Let’s start by getting real about what it means to have peace.


When Dr. King, or Diane Nash or Fannie Lou Haimer, or any of the other nameless, faceless black women whose names we forget to call when we talk about the civil rights movement, went into a situation, you know they were coming expecting conflict. We want peace to mean that there is no conflict or chaos. In fact, peace necessitates conflict or chaos – you wouldn’t need wholeness if something wasn’t broken. You may live in chaos, but having peace means you don’t let the chaos live in you. Peace and peacemaking are the active, daring work of allowing the Holy Spirit to work through you to transform that chaos, and brokenness, and fragmentation into wholeness. Having peace means you have done the work of gathering the fragments and making something new from what remains in chaos’ wake. It’s important to pause here to let you in on what God told me about this particular point – you can’t do this in the world until you do it in yourself.

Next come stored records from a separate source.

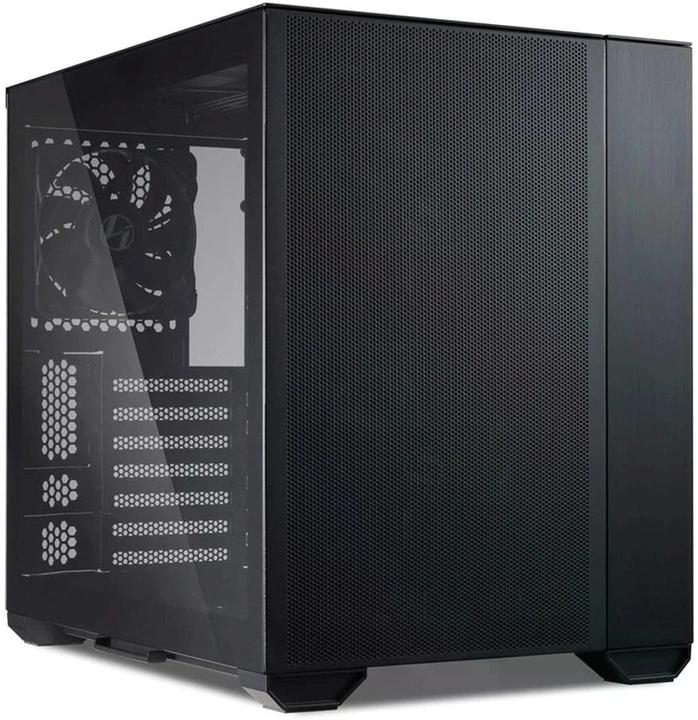 Produktbild Lian-Li O11 Air Mini (ATX, mATX, Mini-ITX, E-ATX)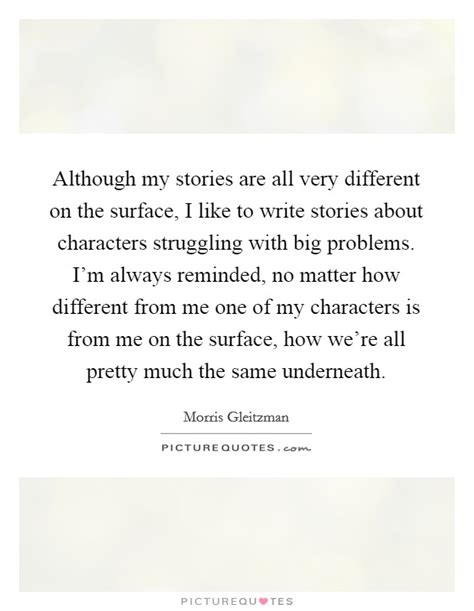 Morris Gleitzman Quotes Sayings Quotations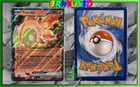Yuyu EX CRIMPED - EV2:Évolutions à Paldea - 040/193 - Carte Pokémon FR Neuve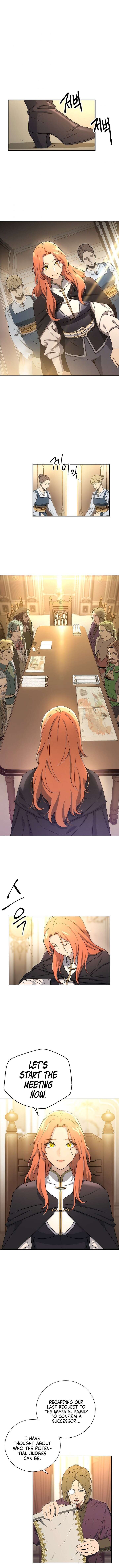 Skeleton Soldier Couldn’t Protect the Dungeon Chapter 142 - Manhwa18.com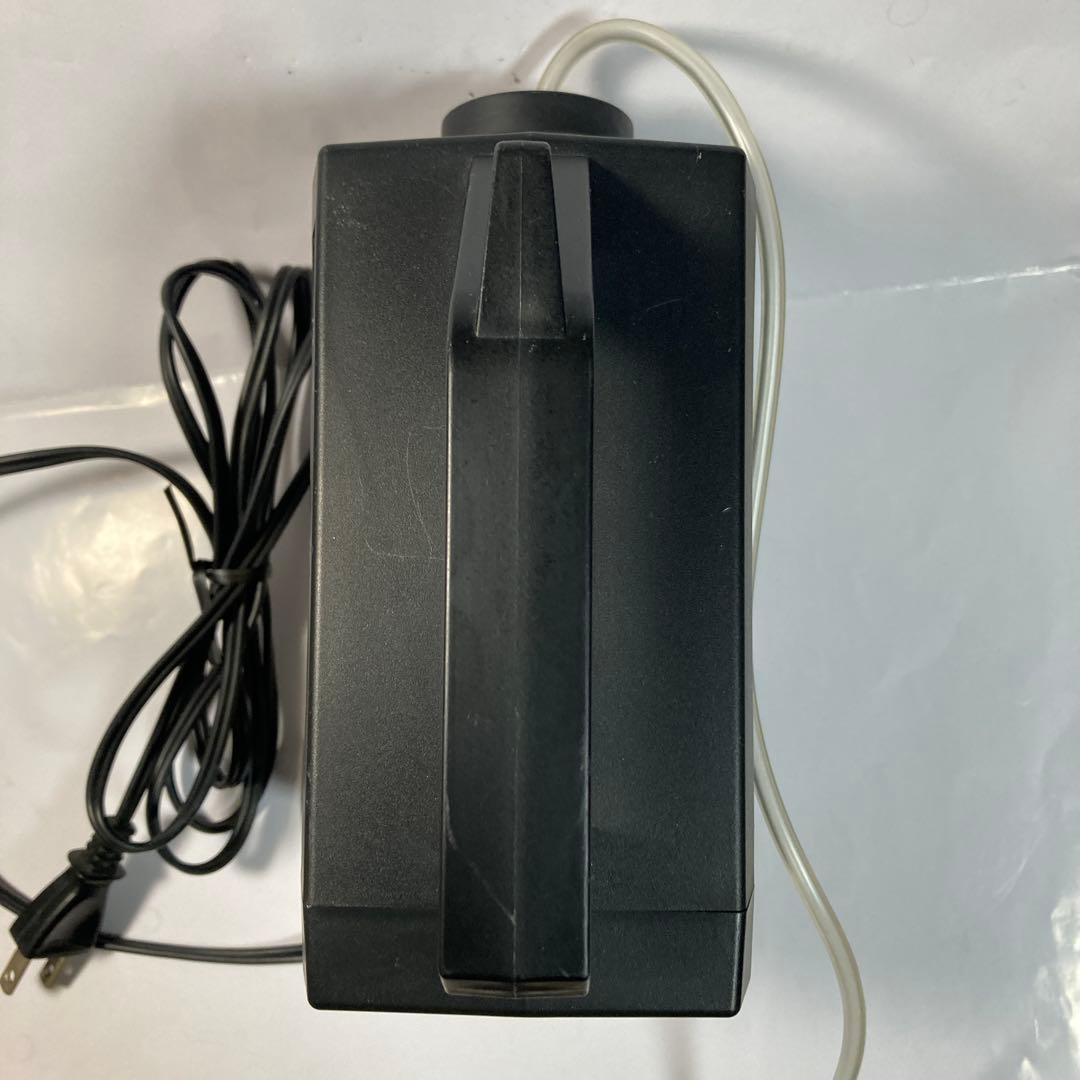 タミヤスプレーワークコンプレッサーレボ/エアーブラシセット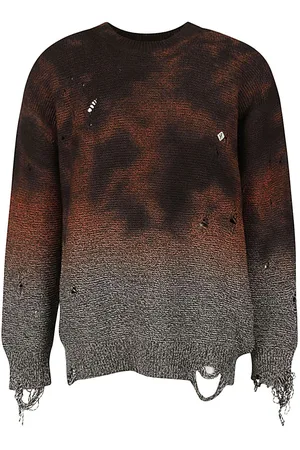Children Of The Discordance Cotton Sweatshirt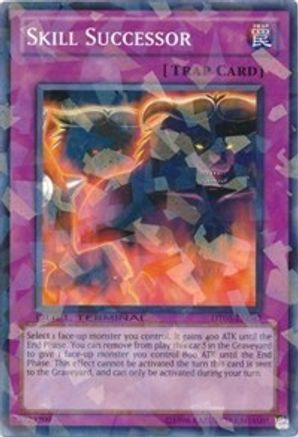 Skill Successor [DT05-EN047] Common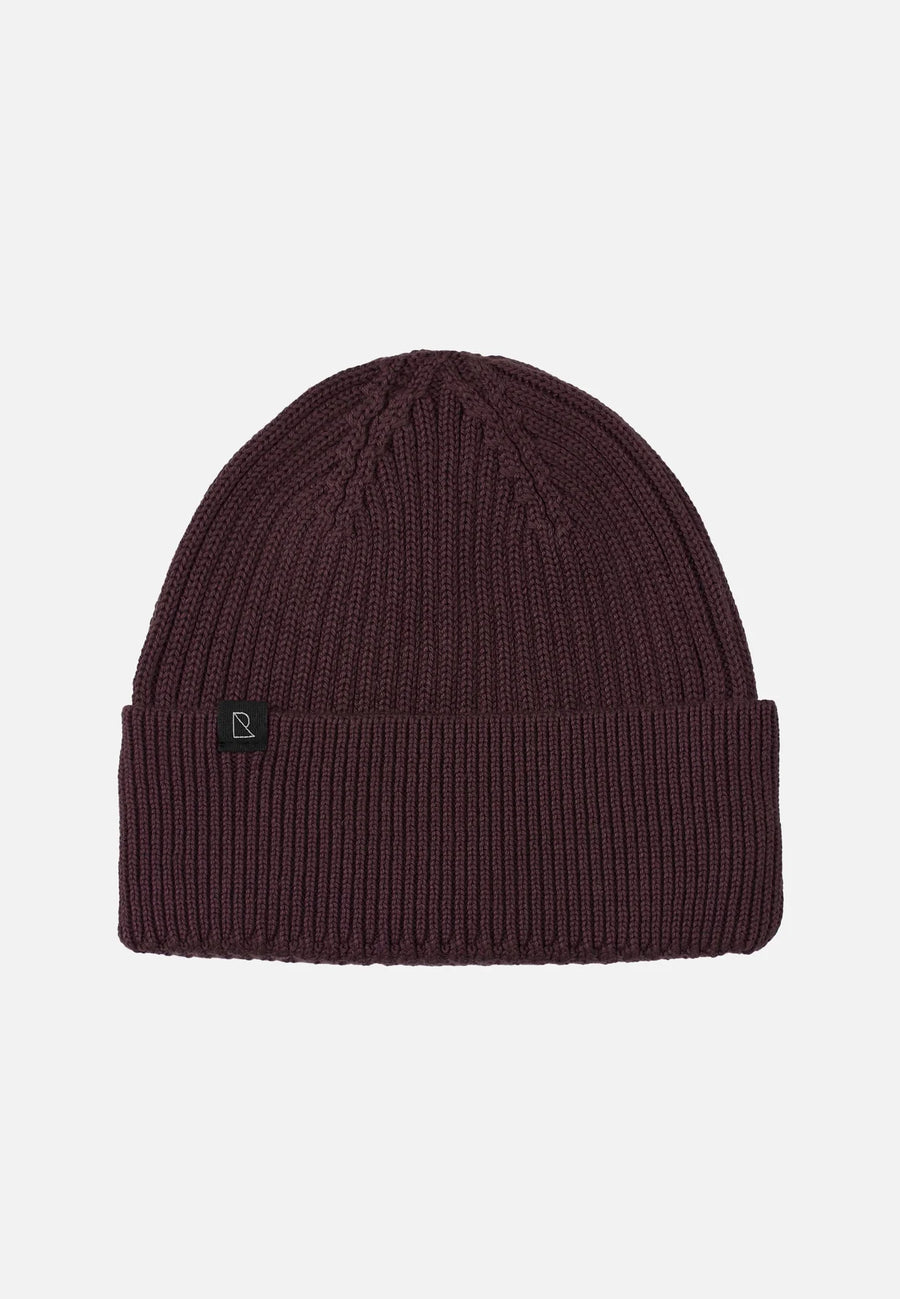 Recolution Beani Mint dark plum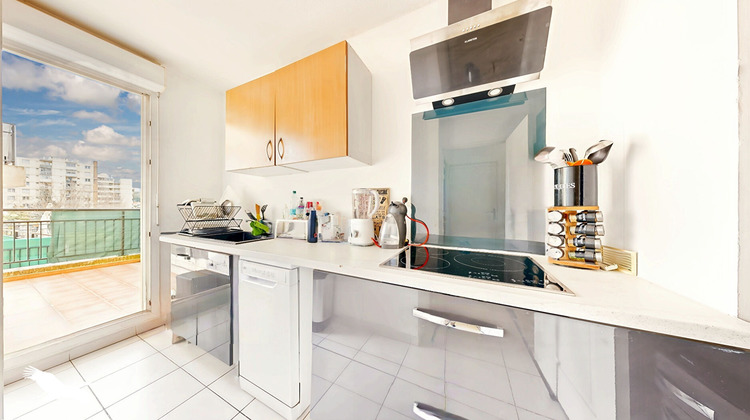 Ma-Cabane - Vente Appartement MARSEILLE 13, 70 m²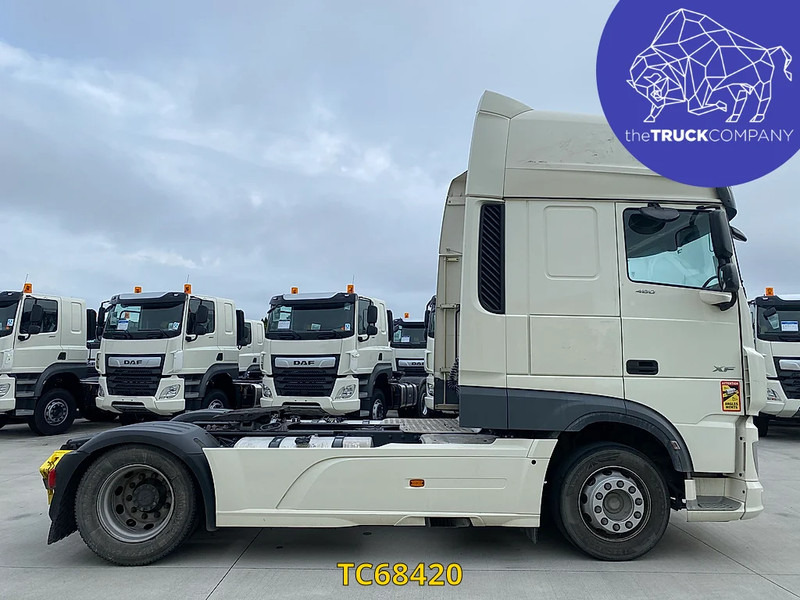 DAF XF Euro6 480 - Влекач: снимка 2 DAF XF Euro6 480 - Влекач: снимка 2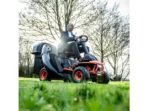 Yard Force Akku-Aufsitzmäher ProRider E559 – 56 V – Image 3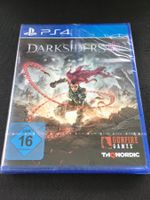 Darksiders III - Playstation 4 (Neu/Sealed)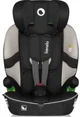Scaun auto Lionelo Isofix Billy, 9-36 kg, Bej foto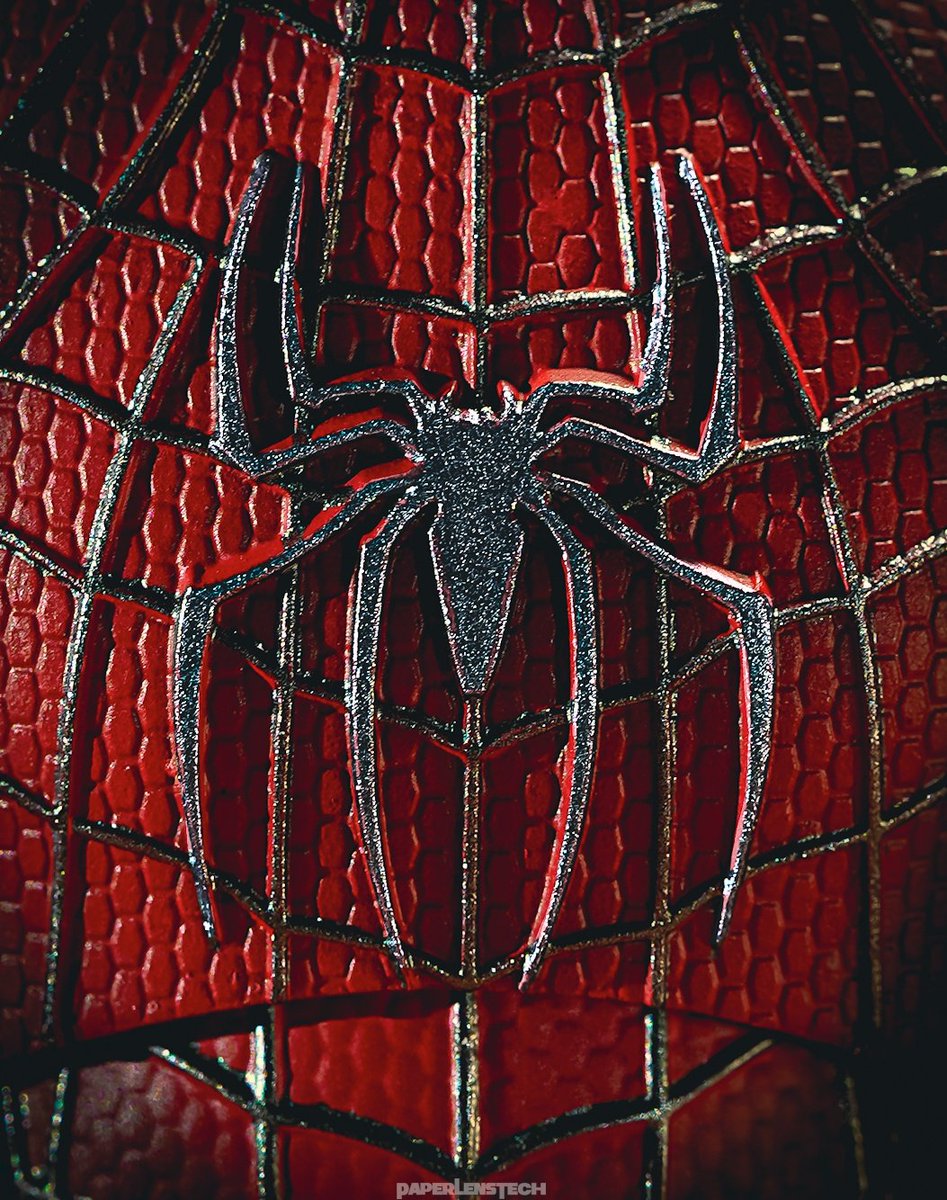 paper_lens's tweet photo. 𝙷𝚎𝚛𝚘

https://t.co/pNnzt2CyR1

#spiderman #tobeymaguire #peterparker #peter2 #MarvelComics #nowayhome
#samraimispiderman #toyphotography #superhero #spidey #webslinger #AcrossTheSpiderVerse #shfiguarts #marvel #toys https://t.co/VPSUdJxxTA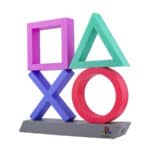 ⁦PlayStation Logo Lights XL⁩ - الصورة ⁦2⁩
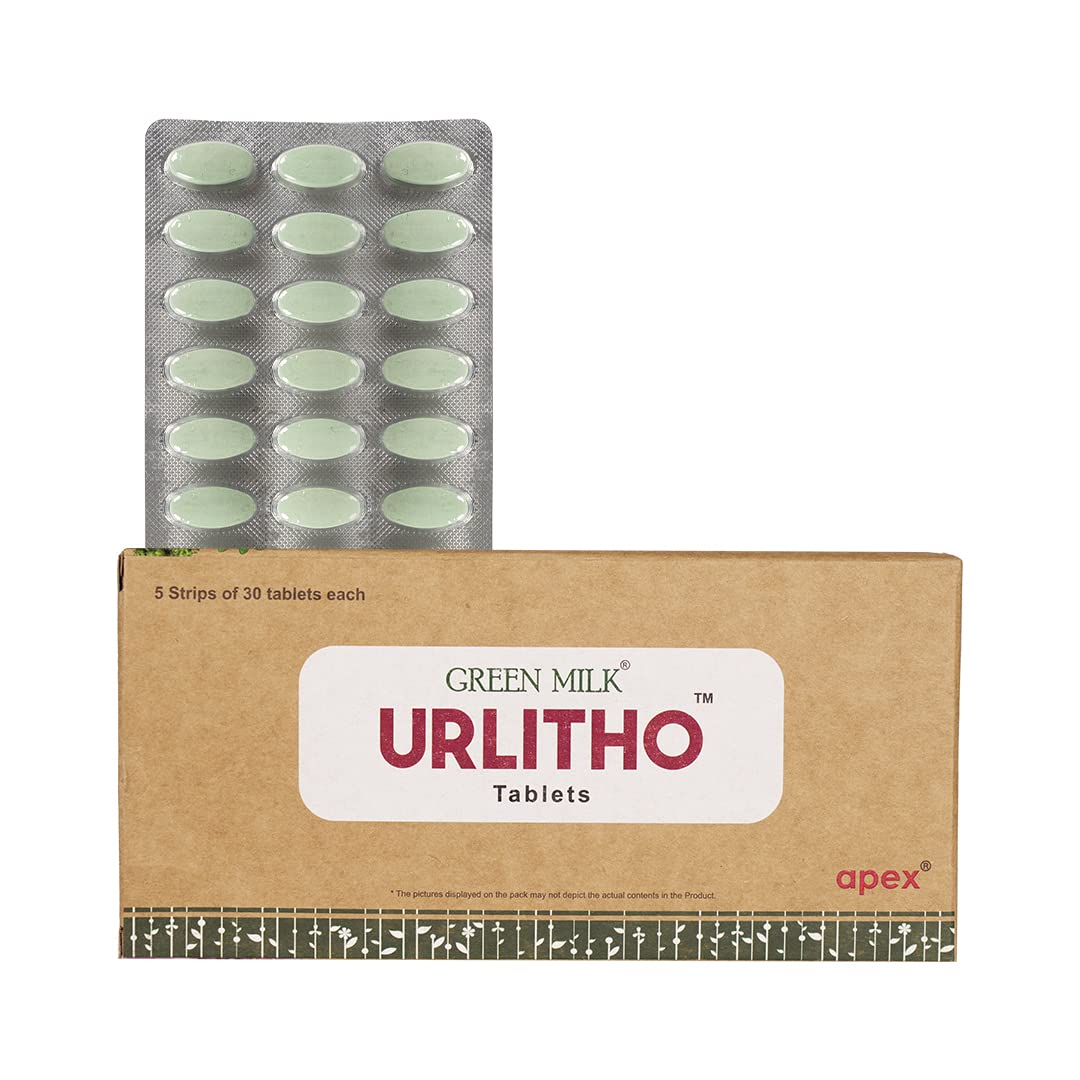 Apex Ayurvedic Urlitho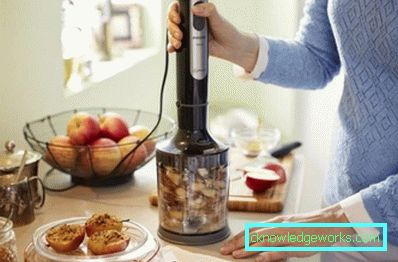 Philips potopljeni miješalica Philips potopljeni miješalica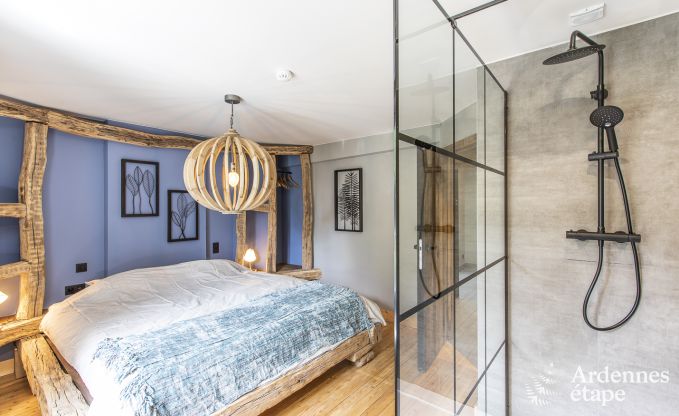 Luxe villa in Bouillon voor 20 personen in de Ardennen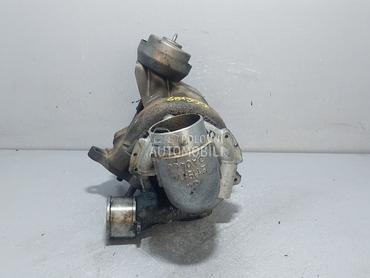 TURBINA za Toyota RAV 4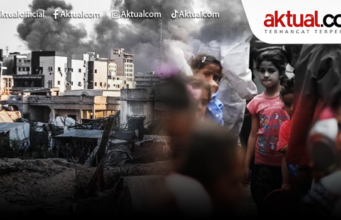 Jeritan Hind Rajab dalam Laporan Avaaz: Dugaan Serangan Ganda Penjajah Israel di Gaza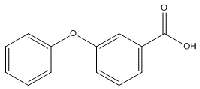 MC99370 3-Phenoxybenzoic Acid 3739-38-6 3-苯氧基苯甲酸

Women of color, who live with the triple consciousness of our color, gender/sex, and our status as citizens in a white world need especially need to know how to be peacemakers for ourselves. Come on - we are black in the academy, we are women in the academy, we are black women in the academy; we are black in the classroom, we are women in the classroom, we are black women in the classroom; we are black in the pulpit, we are women in the pulpit, we are black women in the pulpit; we are black in the boardroom, courtroom, bedroom, we are women in the boardroom, courtroom, bedroom we are black women…We are confronted all day everyday by people’s opinions and impressions and microaggressions, and if you are anything like me you are suffocating under the weight of the idea of having to work 10 times harder, be 10 times better to get half as far just because you were born into the body you were born into. Wholeness… how do we make wholeness out of those scraps?


Well we start by getting real. We start by being transparent. I told a group of sisters once that our transparency is the key to our transformation. I am not talking about being needy and using your brokenness as a crutch or playing victim. I am talking about having the courage to admit to yourself you are broken and then to find other sisters who you know will pray for you, who you know will support you and who you know will help you pick up the pieces and start to put them together. It means letting go of the things that are breaking you. Either you don’t need them or you are trying to do them in your own strength; either way, God didn’t intend it to be so. Those things don’t make us strong. Sometimes we think being strong means not admitting we have broken places. We want our portrait to look like beautiful colors painted seamlessly and smoothly on an uninterrupted canvas. Peace doesn’t look like that. Have you ever seen a mosaic mural? When you look at it from afar, you see a beautiful, textured, image. When you get a bit closer, you see that that beautiful image is made of cracked glass and broken tiles and held together by mortar or grout. That’s what our peace looks like; beautiful mosaic murals that we have gathered together with the help of sisters who love us enough to help us pick of the pieces when we are falling apart, held together by the cement that is the Holy Spirit…working to create something new and beautiful from the scraps.